FONDO OCULARE È un esame diagnostico a cui si ricorre per analizzare le strutture interne del bulbo oculare: la retina (in particolare la sua zona centrale detta macula), il corpo vitreo e il nervo ottico. Si effettua il più delle volte dopo aver dilatato la pupilla grazie a speciali colliri.

OCT Tomografia a coerenza ottica E’ un esame della retina, di cui fornisce una serie di immagini di sezioni trasverse grazie a un laser infrarosso. Permette di verificare se ci siano danni a livello anatomico-funzonale causati, ad esempio, da malattie degenerative.

ECOGRAFIA BULBARE E ORBITARIA È basata su ultrasuoni che vengono riflessi dalle strutture oculari. Consente di studiare, quindi, il corpo vitreo, il cristallino, la retina, i muscoli extraoculari ed altre strutture.

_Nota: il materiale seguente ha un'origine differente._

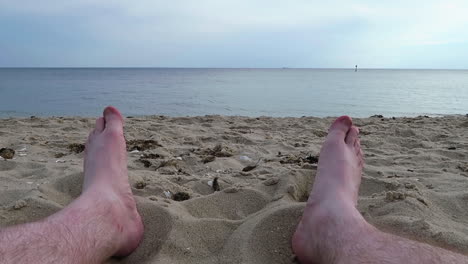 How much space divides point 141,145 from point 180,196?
1452 mm

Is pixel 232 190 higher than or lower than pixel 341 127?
lower

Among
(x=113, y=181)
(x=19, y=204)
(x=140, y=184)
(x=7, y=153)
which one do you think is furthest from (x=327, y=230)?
(x=7, y=153)

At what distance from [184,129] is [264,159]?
186 centimetres

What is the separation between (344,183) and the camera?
5.57 feet

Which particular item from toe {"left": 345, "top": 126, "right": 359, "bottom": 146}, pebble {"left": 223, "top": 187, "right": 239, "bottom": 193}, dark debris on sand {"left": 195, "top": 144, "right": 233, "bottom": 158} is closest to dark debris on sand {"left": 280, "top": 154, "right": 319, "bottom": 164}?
dark debris on sand {"left": 195, "top": 144, "right": 233, "bottom": 158}

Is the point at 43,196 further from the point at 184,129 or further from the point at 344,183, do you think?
the point at 184,129

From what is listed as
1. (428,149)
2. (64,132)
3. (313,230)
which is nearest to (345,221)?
(313,230)

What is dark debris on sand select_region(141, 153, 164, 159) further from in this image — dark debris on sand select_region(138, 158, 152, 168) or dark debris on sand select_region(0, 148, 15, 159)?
dark debris on sand select_region(0, 148, 15, 159)

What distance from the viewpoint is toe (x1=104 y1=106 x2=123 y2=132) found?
2143 mm

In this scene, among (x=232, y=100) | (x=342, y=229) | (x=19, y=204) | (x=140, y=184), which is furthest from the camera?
(x=232, y=100)

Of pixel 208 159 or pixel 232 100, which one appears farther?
pixel 232 100

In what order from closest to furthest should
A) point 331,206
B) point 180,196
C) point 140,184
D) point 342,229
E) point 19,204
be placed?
point 342,229 → point 331,206 → point 19,204 → point 180,196 → point 140,184

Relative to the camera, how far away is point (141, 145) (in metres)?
3.29

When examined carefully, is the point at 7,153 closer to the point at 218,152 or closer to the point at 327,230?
the point at 218,152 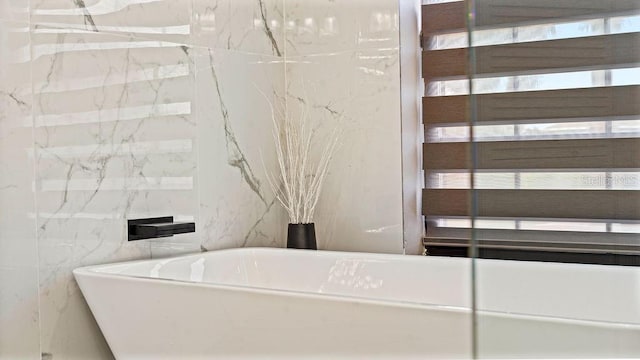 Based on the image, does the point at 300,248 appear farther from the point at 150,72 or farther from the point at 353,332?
the point at 353,332

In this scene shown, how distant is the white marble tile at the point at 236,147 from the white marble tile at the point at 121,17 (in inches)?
6.7

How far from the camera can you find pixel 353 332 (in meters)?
1.59

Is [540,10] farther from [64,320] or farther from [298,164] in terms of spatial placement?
[298,164]

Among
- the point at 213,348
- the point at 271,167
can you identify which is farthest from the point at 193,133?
the point at 213,348

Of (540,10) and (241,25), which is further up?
(241,25)

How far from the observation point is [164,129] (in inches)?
97.1

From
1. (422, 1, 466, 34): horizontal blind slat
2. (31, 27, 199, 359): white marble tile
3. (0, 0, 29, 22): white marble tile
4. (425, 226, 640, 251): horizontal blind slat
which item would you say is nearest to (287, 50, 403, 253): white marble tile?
(422, 1, 466, 34): horizontal blind slat

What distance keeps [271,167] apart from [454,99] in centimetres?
83

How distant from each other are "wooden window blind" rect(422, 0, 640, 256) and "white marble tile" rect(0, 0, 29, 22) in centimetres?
164

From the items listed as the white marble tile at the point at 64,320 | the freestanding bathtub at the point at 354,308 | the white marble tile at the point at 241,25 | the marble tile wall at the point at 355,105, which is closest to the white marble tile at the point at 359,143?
the marble tile wall at the point at 355,105

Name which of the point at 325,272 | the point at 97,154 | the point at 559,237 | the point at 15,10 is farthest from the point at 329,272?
the point at 559,237

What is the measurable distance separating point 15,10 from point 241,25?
3.40 feet

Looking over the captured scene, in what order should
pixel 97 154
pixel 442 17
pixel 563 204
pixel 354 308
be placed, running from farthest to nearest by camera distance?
pixel 442 17, pixel 97 154, pixel 354 308, pixel 563 204

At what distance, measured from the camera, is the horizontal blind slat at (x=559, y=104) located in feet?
2.50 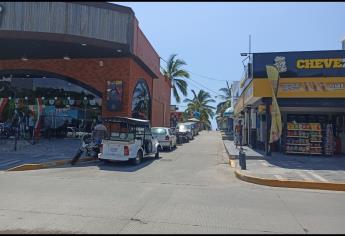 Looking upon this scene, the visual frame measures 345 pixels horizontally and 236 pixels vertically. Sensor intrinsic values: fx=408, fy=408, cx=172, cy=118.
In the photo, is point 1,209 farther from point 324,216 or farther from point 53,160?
point 53,160

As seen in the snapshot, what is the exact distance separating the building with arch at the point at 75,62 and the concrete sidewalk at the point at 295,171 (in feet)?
29.5

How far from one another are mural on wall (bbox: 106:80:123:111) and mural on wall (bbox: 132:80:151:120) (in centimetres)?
200

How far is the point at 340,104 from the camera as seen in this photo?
20.5m

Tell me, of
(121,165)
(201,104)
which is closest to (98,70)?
(121,165)

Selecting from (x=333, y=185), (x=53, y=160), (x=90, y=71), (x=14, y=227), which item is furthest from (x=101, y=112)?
(x=14, y=227)

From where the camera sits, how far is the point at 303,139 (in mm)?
22141

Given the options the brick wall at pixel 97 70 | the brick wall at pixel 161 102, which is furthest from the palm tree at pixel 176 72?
the brick wall at pixel 97 70

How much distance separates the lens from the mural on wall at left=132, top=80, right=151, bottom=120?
2836 cm

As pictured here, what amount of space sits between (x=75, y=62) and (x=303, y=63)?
48.0ft

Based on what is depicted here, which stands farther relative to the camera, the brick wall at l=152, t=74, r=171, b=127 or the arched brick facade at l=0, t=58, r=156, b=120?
the brick wall at l=152, t=74, r=171, b=127

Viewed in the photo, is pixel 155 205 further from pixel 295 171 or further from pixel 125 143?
pixel 295 171

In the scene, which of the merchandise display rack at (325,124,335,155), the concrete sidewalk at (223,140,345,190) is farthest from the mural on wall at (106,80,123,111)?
the merchandise display rack at (325,124,335,155)

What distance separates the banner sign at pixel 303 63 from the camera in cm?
2003

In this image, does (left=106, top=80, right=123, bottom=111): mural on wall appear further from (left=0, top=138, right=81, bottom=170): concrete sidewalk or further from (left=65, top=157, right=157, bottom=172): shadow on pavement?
(left=65, top=157, right=157, bottom=172): shadow on pavement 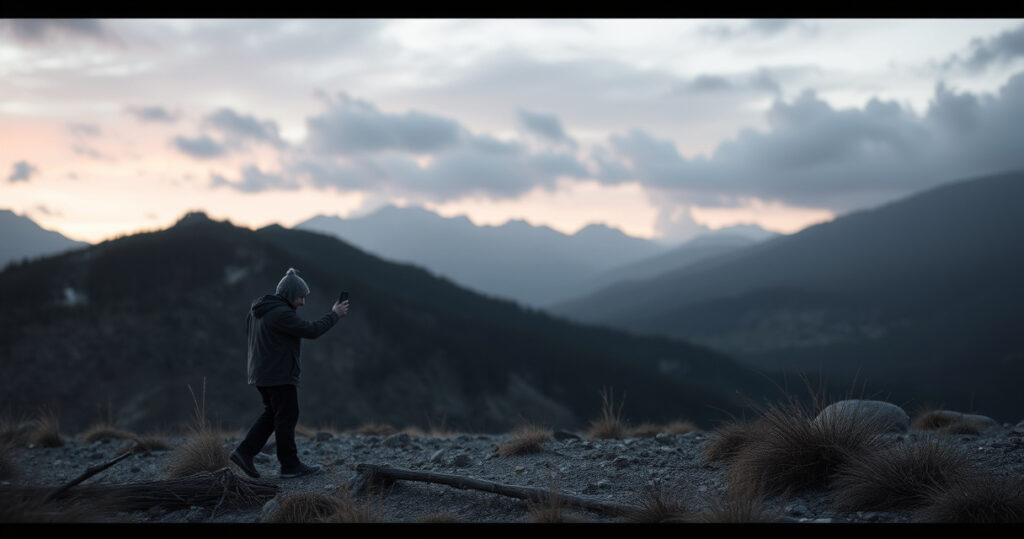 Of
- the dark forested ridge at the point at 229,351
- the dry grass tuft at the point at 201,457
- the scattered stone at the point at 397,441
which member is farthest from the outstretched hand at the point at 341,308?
the dark forested ridge at the point at 229,351

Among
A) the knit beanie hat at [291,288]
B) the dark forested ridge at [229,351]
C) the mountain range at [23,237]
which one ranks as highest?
the mountain range at [23,237]

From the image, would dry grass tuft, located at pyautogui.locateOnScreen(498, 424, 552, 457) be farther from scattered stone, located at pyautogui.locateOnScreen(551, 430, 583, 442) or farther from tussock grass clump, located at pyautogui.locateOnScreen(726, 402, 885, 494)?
tussock grass clump, located at pyautogui.locateOnScreen(726, 402, 885, 494)

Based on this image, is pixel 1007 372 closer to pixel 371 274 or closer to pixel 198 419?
pixel 371 274

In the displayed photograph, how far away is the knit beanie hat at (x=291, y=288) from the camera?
24.5 feet

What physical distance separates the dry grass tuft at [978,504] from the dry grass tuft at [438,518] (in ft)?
11.9

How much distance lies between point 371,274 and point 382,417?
47.1 metres

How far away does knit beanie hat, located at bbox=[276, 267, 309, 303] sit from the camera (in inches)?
294

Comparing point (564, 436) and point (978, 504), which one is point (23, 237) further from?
point (978, 504)

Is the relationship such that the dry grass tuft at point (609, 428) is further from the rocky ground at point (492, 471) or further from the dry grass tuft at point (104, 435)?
the dry grass tuft at point (104, 435)

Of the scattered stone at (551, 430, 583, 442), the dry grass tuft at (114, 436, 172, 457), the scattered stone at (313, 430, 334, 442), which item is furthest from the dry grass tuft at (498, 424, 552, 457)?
the dry grass tuft at (114, 436, 172, 457)

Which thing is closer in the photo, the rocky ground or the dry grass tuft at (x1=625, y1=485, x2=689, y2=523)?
the dry grass tuft at (x1=625, y1=485, x2=689, y2=523)

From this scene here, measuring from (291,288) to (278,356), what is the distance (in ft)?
2.39

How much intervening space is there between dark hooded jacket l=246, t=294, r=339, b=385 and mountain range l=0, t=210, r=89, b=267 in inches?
3288

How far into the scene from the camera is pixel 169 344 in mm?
50000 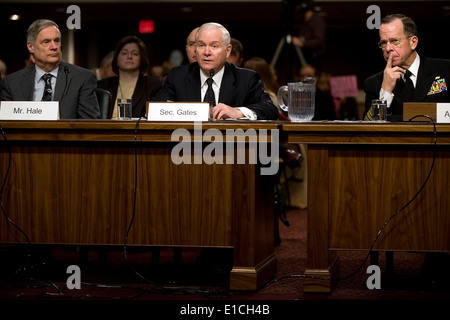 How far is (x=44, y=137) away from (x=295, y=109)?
1.11m

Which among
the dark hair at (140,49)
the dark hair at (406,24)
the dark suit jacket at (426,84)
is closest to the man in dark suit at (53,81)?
the dark hair at (140,49)

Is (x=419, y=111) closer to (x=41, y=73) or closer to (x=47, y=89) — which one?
(x=47, y=89)

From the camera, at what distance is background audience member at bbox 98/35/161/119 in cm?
475

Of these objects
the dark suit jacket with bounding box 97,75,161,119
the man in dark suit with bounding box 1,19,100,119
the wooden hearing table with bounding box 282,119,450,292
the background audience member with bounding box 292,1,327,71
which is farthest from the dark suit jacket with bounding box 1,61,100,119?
the background audience member with bounding box 292,1,327,71

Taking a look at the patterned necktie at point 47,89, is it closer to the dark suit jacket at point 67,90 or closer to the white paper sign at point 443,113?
the dark suit jacket at point 67,90

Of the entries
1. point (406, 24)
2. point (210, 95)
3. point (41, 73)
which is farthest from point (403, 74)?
point (41, 73)

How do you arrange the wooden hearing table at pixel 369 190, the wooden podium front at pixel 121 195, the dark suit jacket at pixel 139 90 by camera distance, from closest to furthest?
the wooden hearing table at pixel 369 190 < the wooden podium front at pixel 121 195 < the dark suit jacket at pixel 139 90

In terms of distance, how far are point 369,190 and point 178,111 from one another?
861 millimetres

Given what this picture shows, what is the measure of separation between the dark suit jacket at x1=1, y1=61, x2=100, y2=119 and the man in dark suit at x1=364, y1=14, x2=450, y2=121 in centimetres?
143

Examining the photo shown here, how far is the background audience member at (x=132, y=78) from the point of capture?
187 inches

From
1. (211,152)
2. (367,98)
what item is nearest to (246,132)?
(211,152)

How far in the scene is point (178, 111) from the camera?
3.01m

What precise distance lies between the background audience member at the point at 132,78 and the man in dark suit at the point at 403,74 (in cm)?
168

TONOMETRIA Misurazione della pressione interna dell’occhio. L’esame diagnostico occorre perché la pressione oculare troppo elevata può danneggiare il nervo ottico, provocando cecità. Con visite oculistiche periodiche si può scongiurare questo rischio.

CAMPO VISIVO Si tratta dell’area percepita dall’occhio quando si fissa un punto; può essere effettuato manualmente o automaticamente (perimetria). Esistono, inoltre, metodi diversi come quello cinetico e statico. Particolare importanza possiede il metodo di Zingirian-Gandolfo.

FLUORANGIOGRAFIA La fluorangiografia è un esame fondamentale per lo studio della circolazione nella retina e nella coroide. Serve anche come guida per il trattamento delle patologie retiniche mediante laser argon.

ELETTROFISIOLOGIA OCULARE È una disciplina diagnostica che intende studiare i fenomeni elettrici associati alla visione e all’attività cerebrale. Così è possibile individuare con precisione difetti della retina, del nervo ottico e del cervello. Consente anche di controllare lo sviluppo delle vie ottiche nei neonati prematuri.

TOPOGRAFIA CORNEALE Si tratta di un esame diagnostico che consente di studiare la conformazione della cornea e le sue caratteristiche refrattive.

ABERROMETRIA È un esame diagnostico che viene utilizzato per valutare oggettivamente la qualità visiva: fornisce una mappa con cui si possono individuare eventuali aberrazioni oculari ossia alterazioni delle strutture dell’occhio che producono distorsioni (deviando i raggi luminosi).

PACHIMETRIA Si tratta di un esame che serve per misurare lo spessore della cornea, la superficie oculare trasparente posta davanti all’iride. Può essere molto utile in caso di glaucoma e se bisogna sottoporsi a un’operazione di chirurgia refrattiva (per eliminare vizi visivi come la miopia, l’ipermetropia o l’astigmatismo si modella la cornea con un laser).

MICROPERIMETRIA Si tratta di un’indagine diagnostica e non invasiva che consente di creare una mappa della sensibilità retinica. Lo strumento è importante per la riabilitazione degli ipovedenti.